First off: all credit for this goes to @music6000 , @thewintersoldier and everyone else who contributed to this build. You can see the original discussion here. All I did was follow their advice.

This mod allows you to use the Gnat Fuzz PCB to create an NPN Elka Dizzy Tone.

I wanted to share it here because it is a pretty simple mod to do with an existing PedalPCB board and because I didn't want to put this in the build reports because it isn't complete yet, but it does work! Credit to Music6000 for the build guide:





After building the board I then took TheWinterSoldier's advice regarding gain and leakage:



thewintersoldier said:


> The tonebender mk3 and all variants (buzzaround and dizzy tone) form a darlington pair in Q1 and Q2. You want lower gain and leakage. Something in the 50s and 60s gain wise and leakage under 100. The two multiply their gain and slam Q3 where the magic happens. Look for something between 70-110 hfe and leaks at least 150-200u. The leakage will help it bias properly.

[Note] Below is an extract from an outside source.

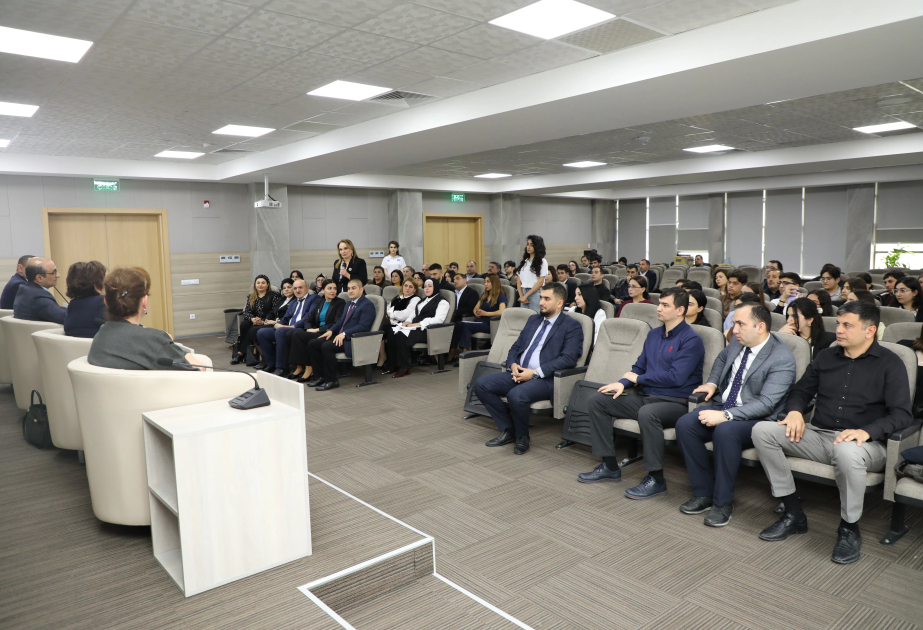 DİM-in açıq görüşü buraxılış imtahanının nəticələrinə həsr olunub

I am using MP38A transistors for this. For Q1 I used 58 hFE and .097 leak. Q2 70 hFE and .125 leak. Q3 100 hFE and .172 leak (measured on a Peak DCA75). I didn't have any lower hFE with lower leakage for Q2 or else I would have tried those. I'm using an 1N34A diode, but plan on trying it out with some others that I have (GY 102 and D9V) to see how they sound, but I will have to wait until tomorrow until I can experiment more.

A quick gut shot. Watch out for flying saucers!





Here is a sound clip. This is playing bass. I'm sorry for the terrible playing and recording, but my daughter was here watching Sesame Street. The kiddo gets really upset when I play bass/guitar and she can't strum on the strings so I was having to make faces at her to keep her from getting wild. I'm also sorry that you've gotta stare at the back of my fat calf lol.

I am pretty stoked with how this sounds already, though I definitely want to experiment some more. I am not really finding anything that it is lacking. It is mean and aggressive and nasty and spitty and I really love it. I think that a little more grind in the mids would be good, but I am using flatwounds here, so I think that a string change would would do more to change the tone in that direction.

https://photos.app.goo.gl/FLvCc1DtvUuDhRTJA


----------



## peccary

thewintersoldier said:


> Hell yeah brother! Good job. Wait till you hear it on guitar. Going into a marshall type amp it is nasty in the best kind of way. Love everything about it! Can't wait to see what you do with the enclosure.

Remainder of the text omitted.